Ik ben nog niet klaar met het verkennen van de gegevens en er zijn allerlei splitsingen die moeten worden onderzocht. Als u bijvoorbeeld de Statcast-gegevens in een CSV plaatst, ziet u dat ze de gegevens opsplitsen voor extra bases, onderverdeeld in drie categorieën met uiterst pakkende namen: Swipes, Snipes en Freezes. Ik hoop dat deze tijdens het spel aanslaan. Maar zoals zo vaak het geval is, is het grote voordeel van Statcast het op een nieuwe manier begrijpen van waarschijnlijkheden. Ik weet niet zeker hoe gedetailleerd het wordt, en ik weet niet zeker hoeveel context teveel zou zijn. Stel dat je een basis steelt op een curveball in de modder. Moet je wat krediet verliezen omdat het een makkelijke worp is om op te stelen, of moet je wat krediet verdienen omdat je wijselijk een makkelijke worp hebt gekozen om op te stelen? Vermoedelijk zijn de zaken in evenwicht als de steekproefomvang groot genoeg is, dus misschien is een eenvoudiger aanpak het beste.
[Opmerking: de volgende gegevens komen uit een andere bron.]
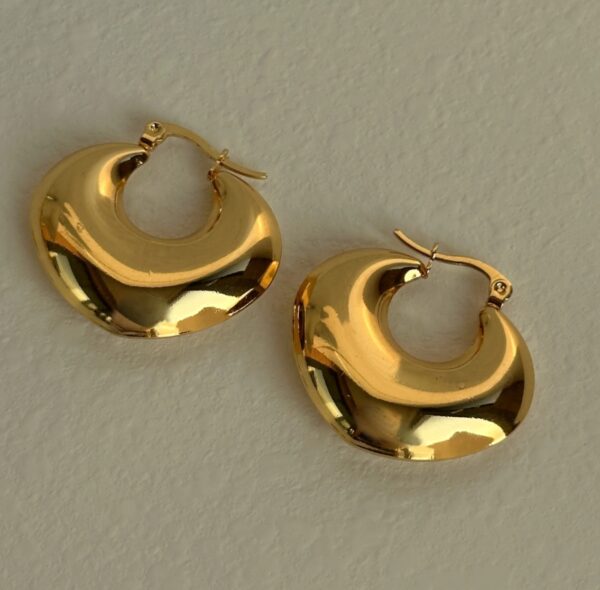 Chunky V hoops - Image 2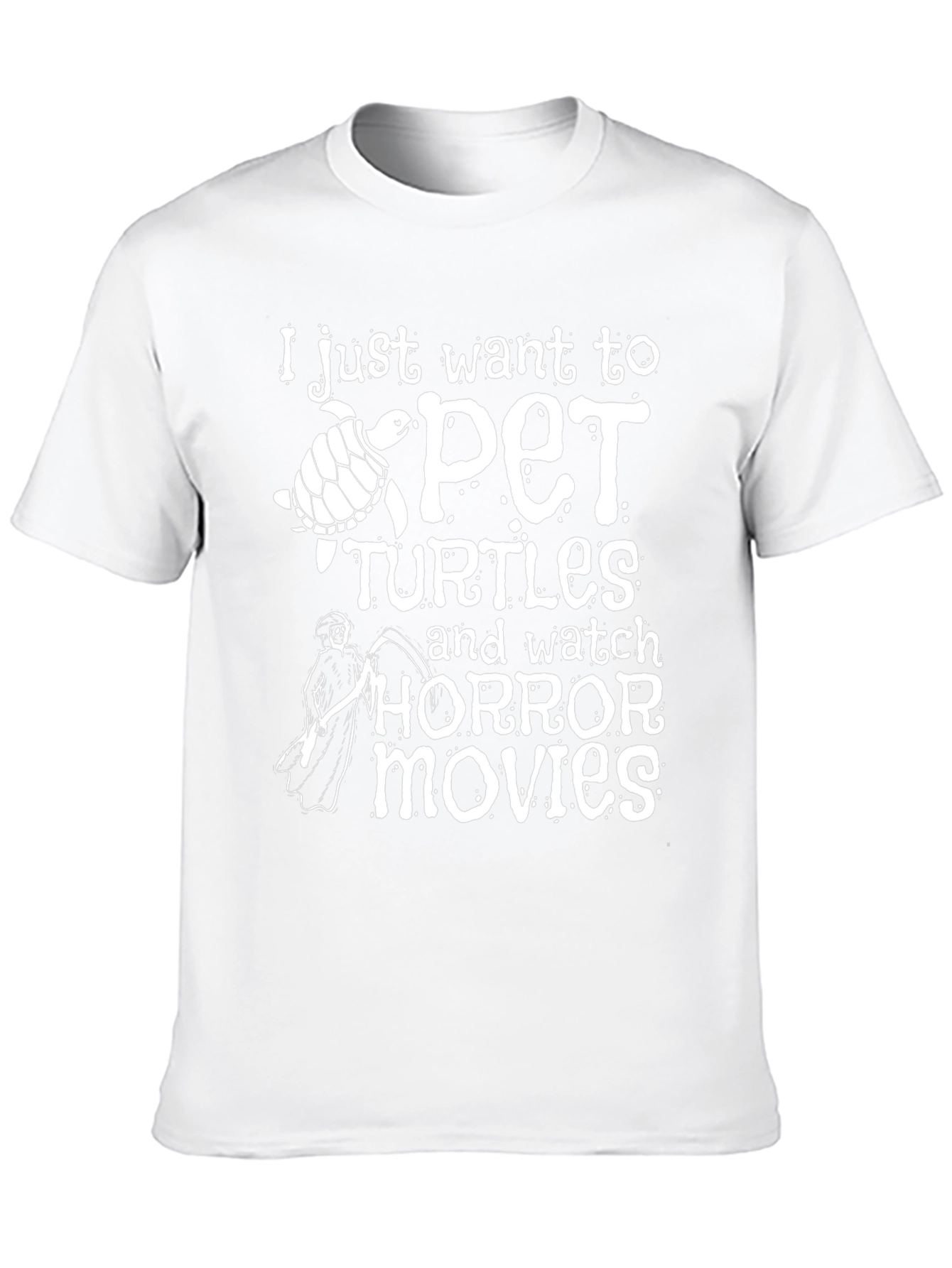 Pet Turtles & Horror Movies Graphic T-Shirt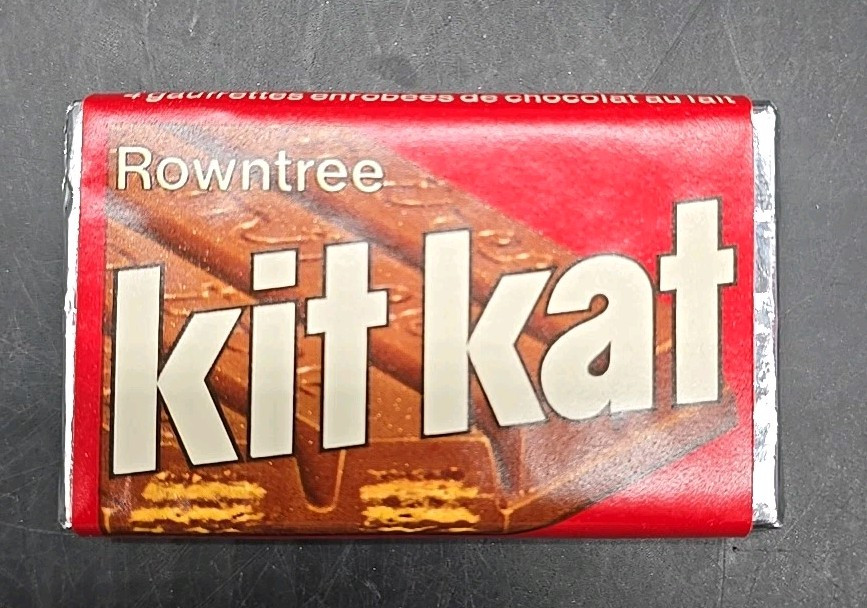 Barra de chocolate Rowntree’s Kit Kat barra de caramelo sellada de colección rara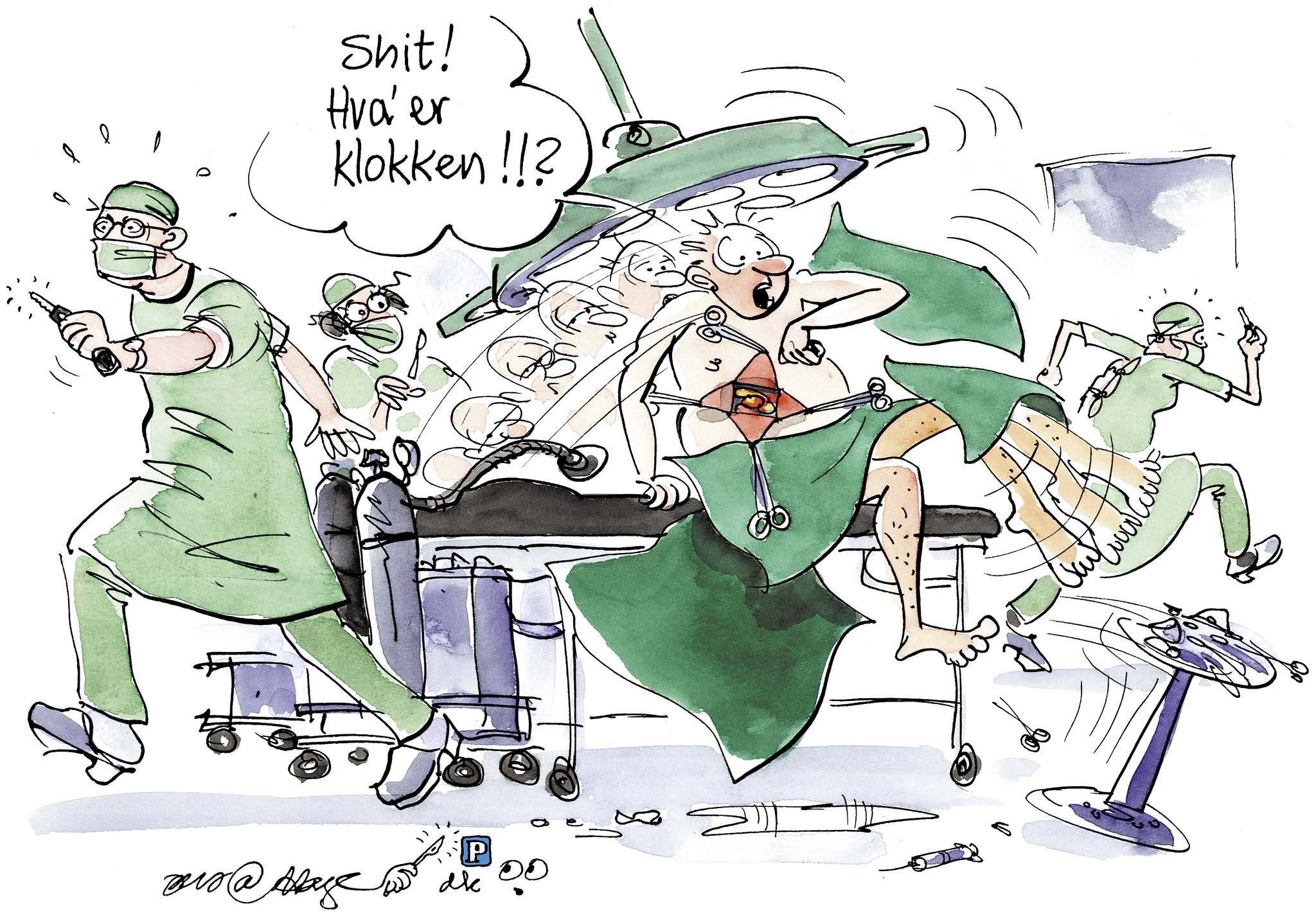 Satire tegning: 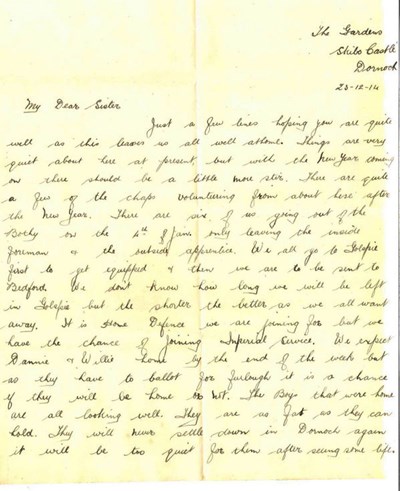 Letter from Thomas McCulloch to his sister Jo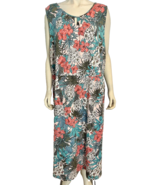 Talbots Plus Petite Women&#39;s Floral Sleeveless Knit Dress 3XP - $38.69 CAD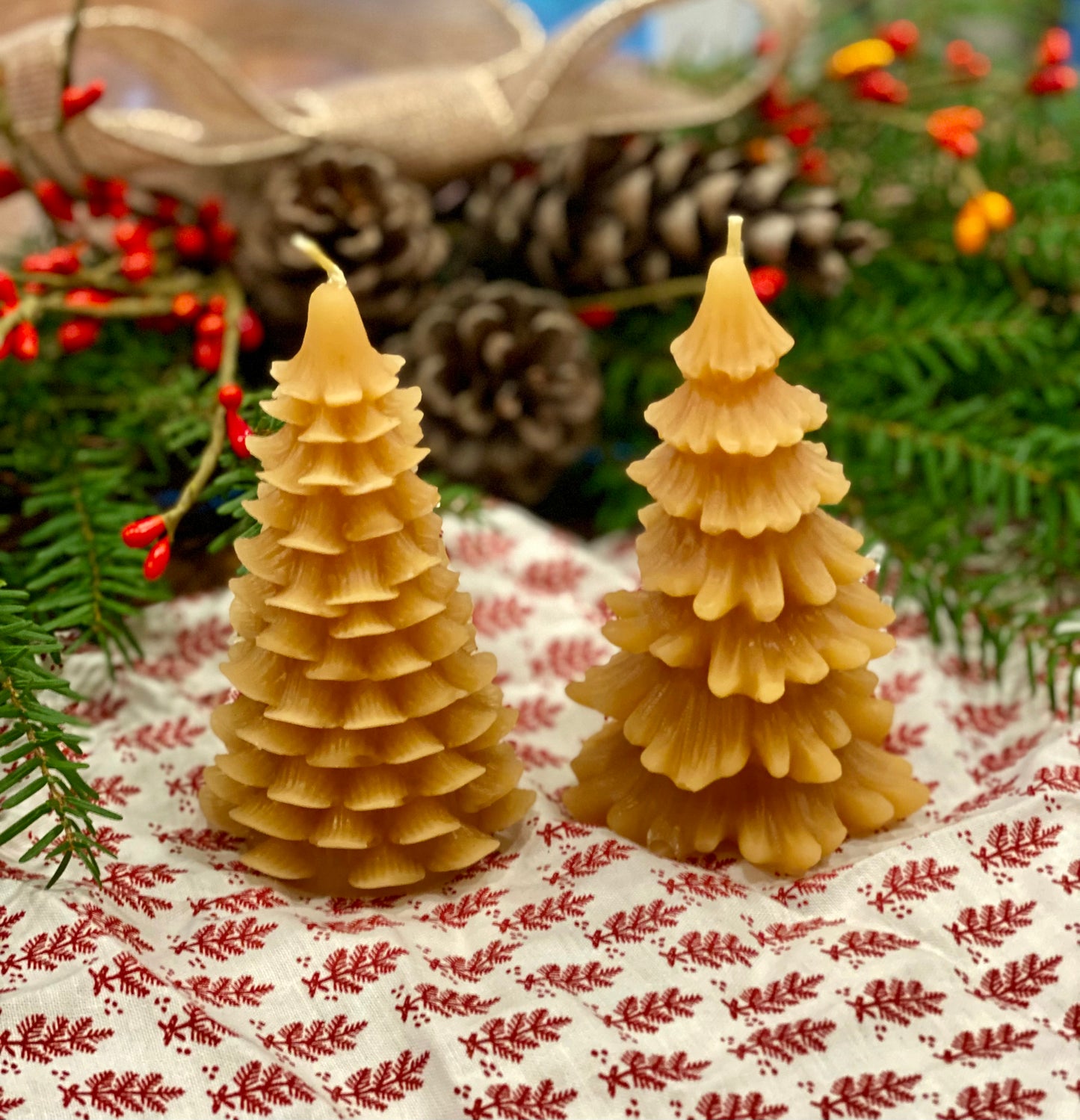 Beeswax Candle- Tree Set 1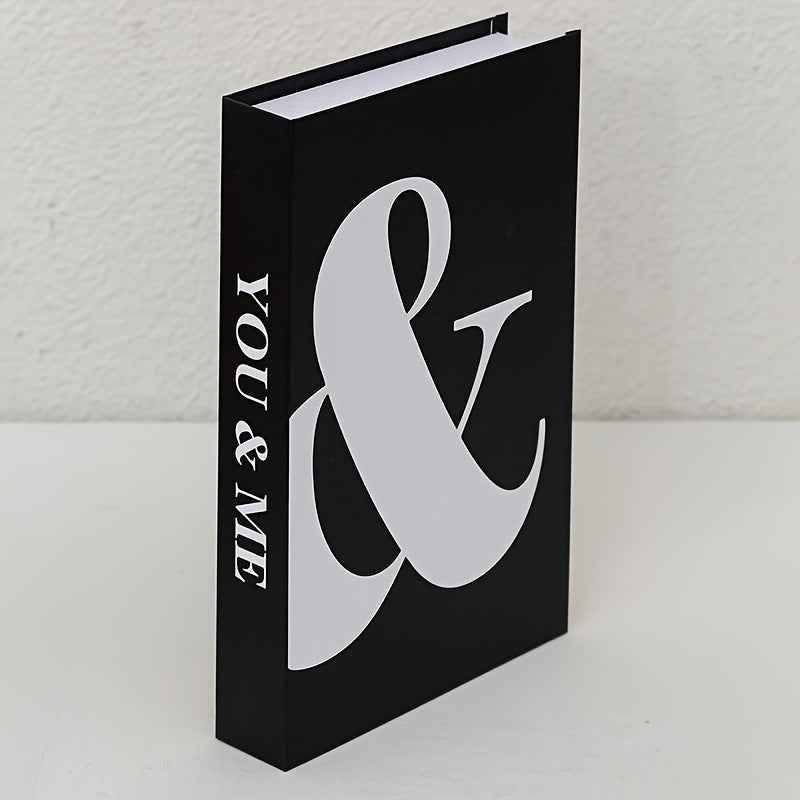 3pcs set of minimalist home decor black books for bedroom, living room, or office as photo props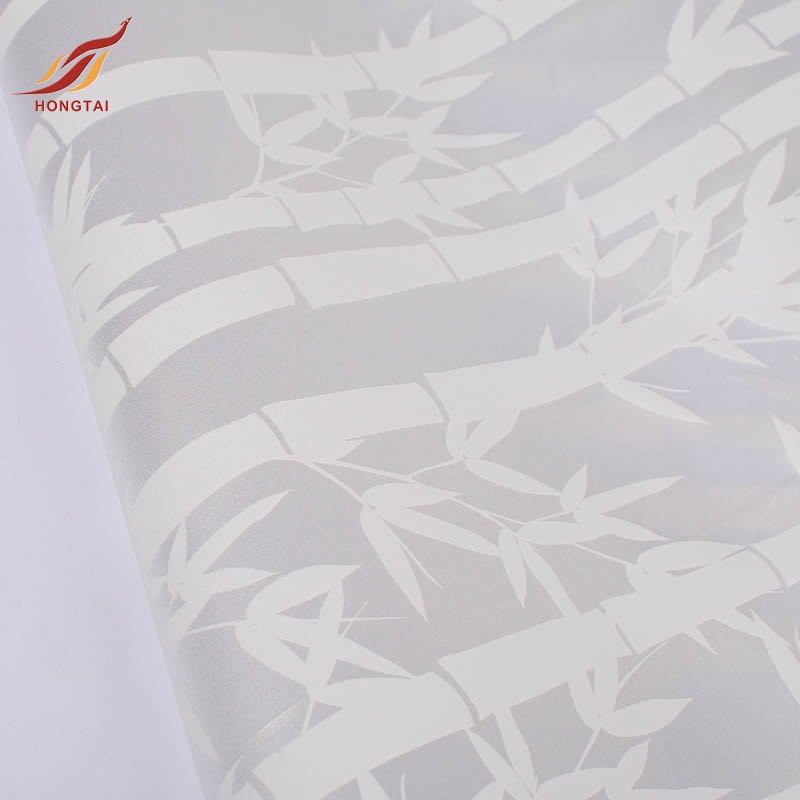 Bamboo Pattern Window Transparent Sticker Glitter Window Decoration Sticker Privacy Glass Film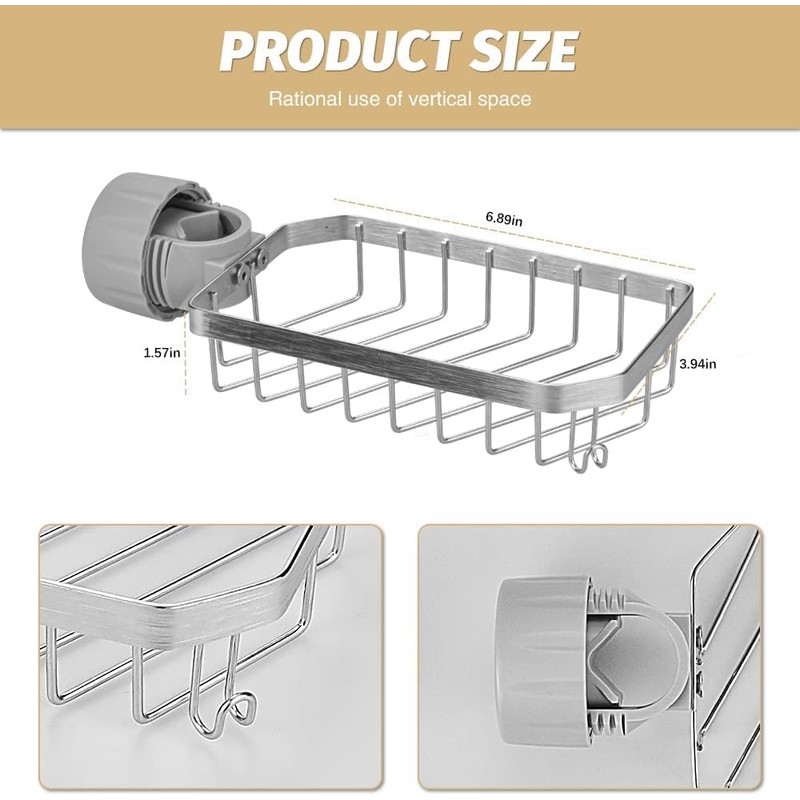 Shower Caddy No Drill, Shower Soap Holder, 304 Stainless Steel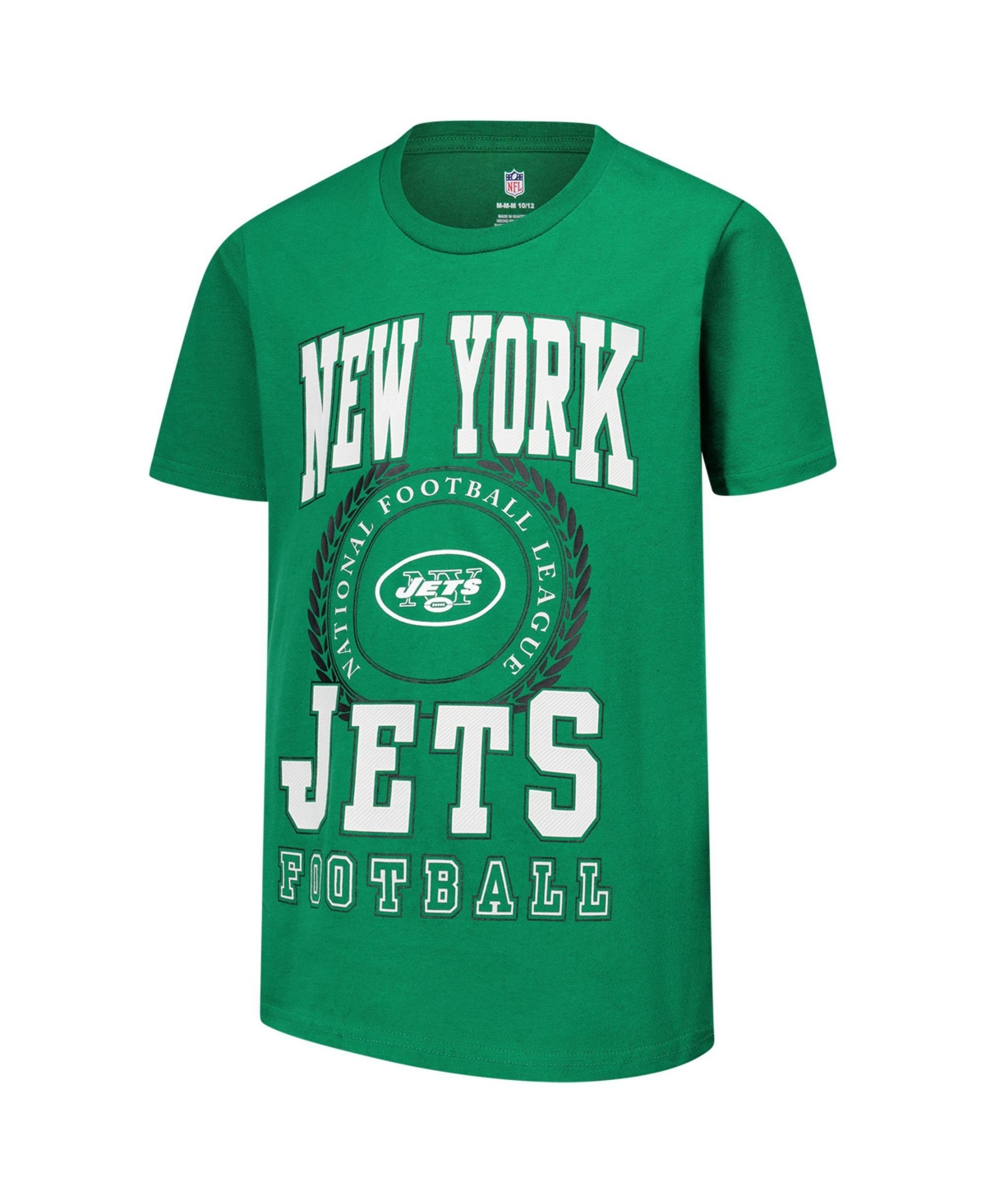 Outerstuff Boys' and Girls' New York Jets Stitched Up Retro Logo T-Shirt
Hoe dan ook, het is leuk om te weten, zoals Adler opmerkte, dat Elly De La Cruz En Bobby Witt jr. beide maken bijzonder slechte sprongen, wat logisch is omdat ze zo snel zijn dat ze nooit de moeite hebben hoeven nemen om goede sprongen te maken. Als ik de Reds of de Royals zou coachen, zou ik zeker blij zijn om te weten dat er zo’n eenvoudige manier is waarop mijn sterspeler zijn spel zou kunnen verbeteren. Tot nu toe is dat mijn grootste afhaalpunt. Afhankelijk van de situatie is een gestolen honk gewoon een gestolen honk, maar door rekening te houden met het vermogen van de werper en de catcher om lopers vast te houden, kunnen de voorsprong, de worp, de sprong, de aangooi, het tikken en de brandslang van Statcast-gegevens worden bepaald. schets een beeld van de moeilijkheidsgraad. Ik weet zeker dat hier bruikbare gegevens zullen zijn, maar voorlopig helpen de cijfers het verhaal op een nieuwe manier te vertellen.